Data records
-- Opening Marker --

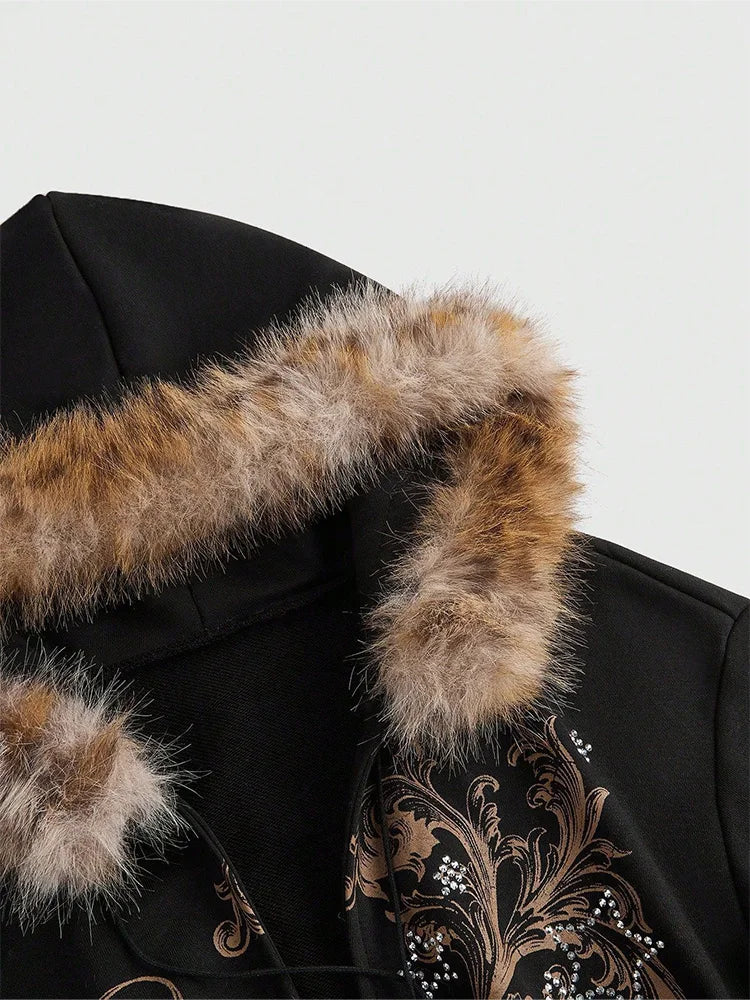 Winter Warm Gothic Print Hoodie Women's Faux Fur Crop Top Zip-Up Sweatshirt Fashion Y2K Streetwear Hooded Jacket 2026 New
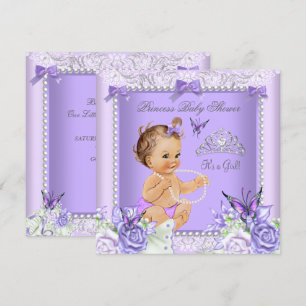 Invitation Lavender Grey Baby shower fille Brunette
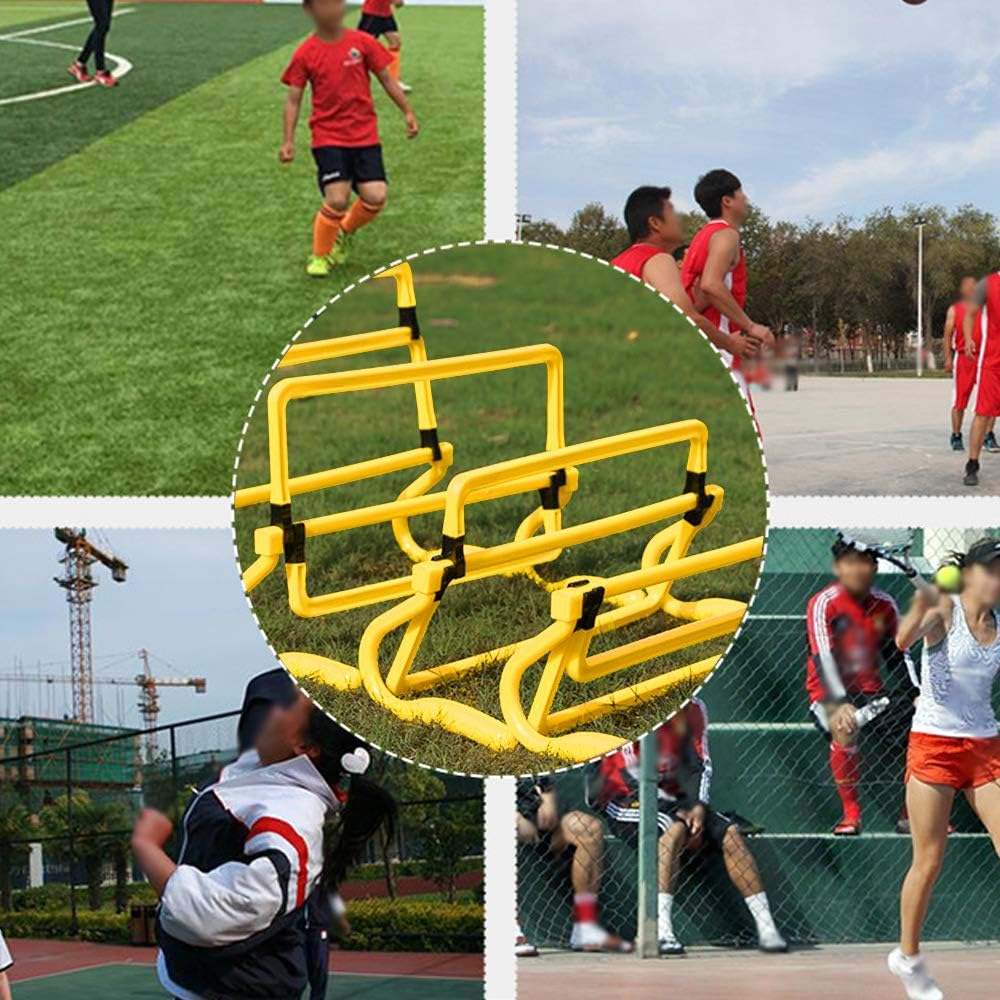 ASENVER 4 Height Adjustable Speed Training Hurdles Fitness & Speed Training Equipment (Set of 5) : Sports & Outdoors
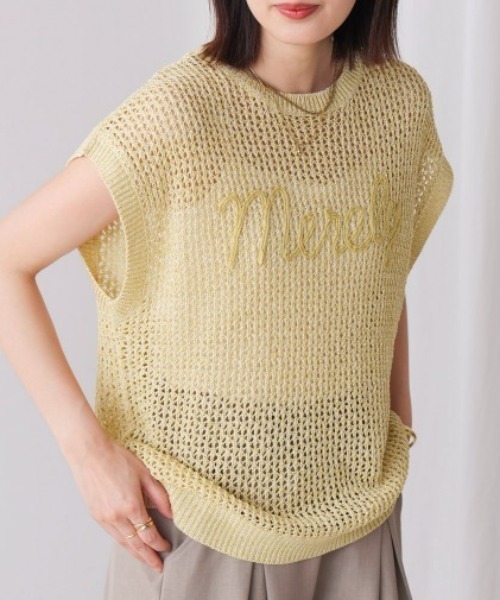 Bou Jeloud(ブージュルード)の「ミックスカラーロゴメッシュニット(ニット/セーター・レディース・イエロー・FREE)」の1枚目の写真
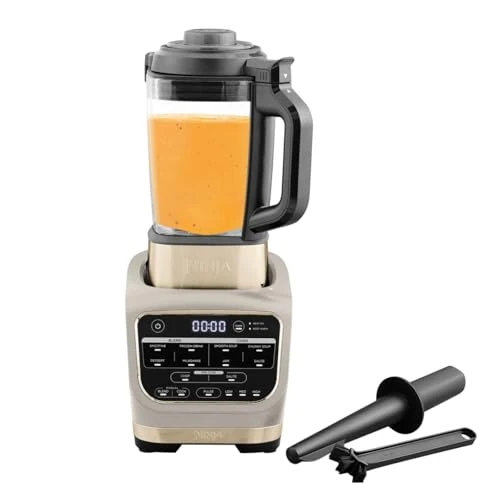 Ninja Foodi Blender & Soup Maker, 10 Auto-iQ Programs, 1.7L Glass Jug, Hot & Cold Blender, Built-in Heating Element, Pestle, Cleaning Tool & Brush, 1000W, Stone Gold HB150EUSTGD
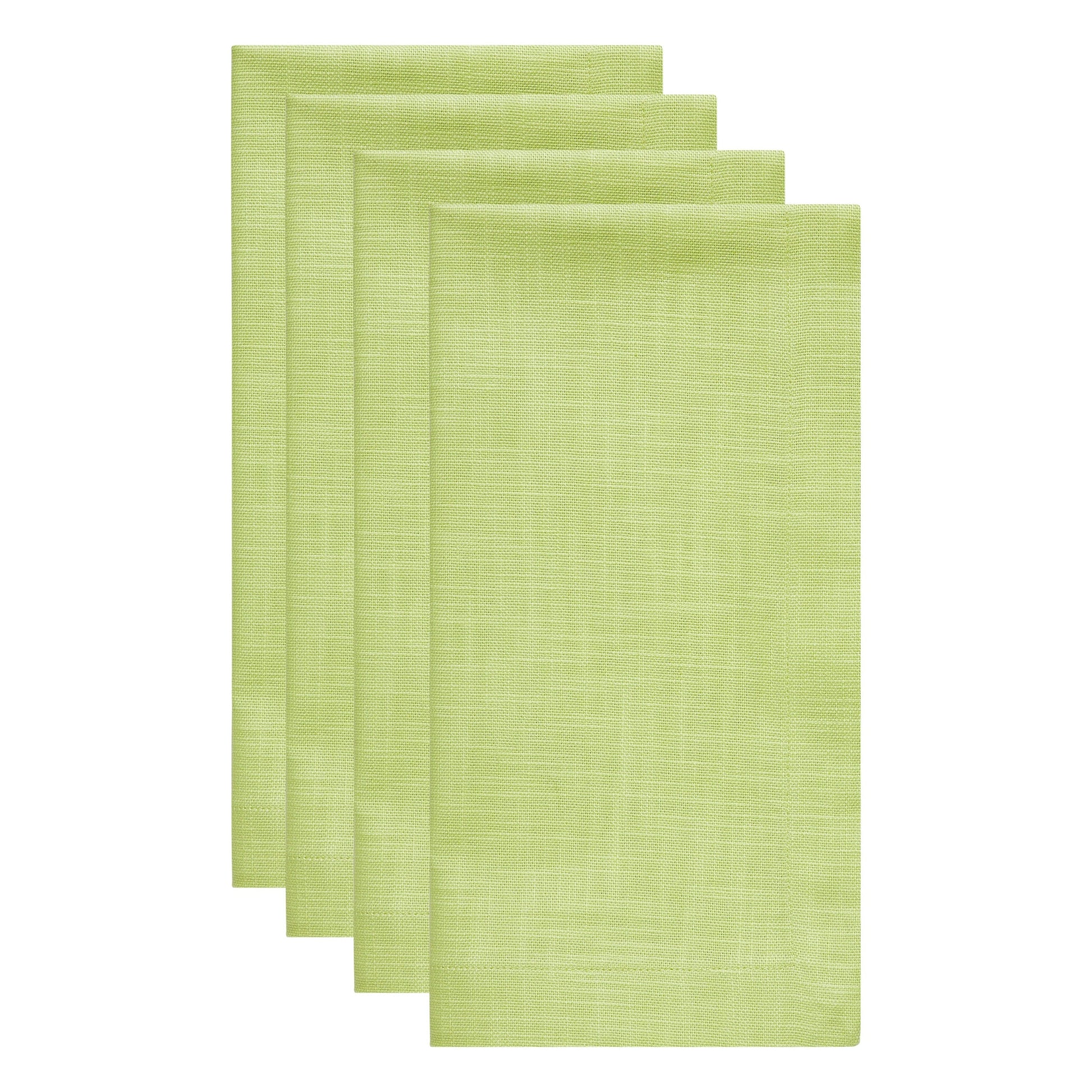 NP-4804-2020_2|Four folded lime green fabric napkins for elegant table settings. Reusable, washable dining accessories for entertaining.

-- Closing Marker --

Problem requirements: What is needed is an exact copy of only the lines from the line containing "Ninja Foodi Blender" through the last line of the entries, inclusive, without the pictures.

Response below:
 Ninja Foodi Blender & Soup Maker, 10 Auto-iQ Programs, 1.7L Glass Jug, Hot & Cold Blender, Built-in Heating Element, Pestle, Cleaning Tool & Brush, 1000W, Stone Gold HB150EUSTGD
 NP-4804-2020_2|Four folded lime green fabric napkins for elegant table settings. Reusable, washable dining accessories for entertaining.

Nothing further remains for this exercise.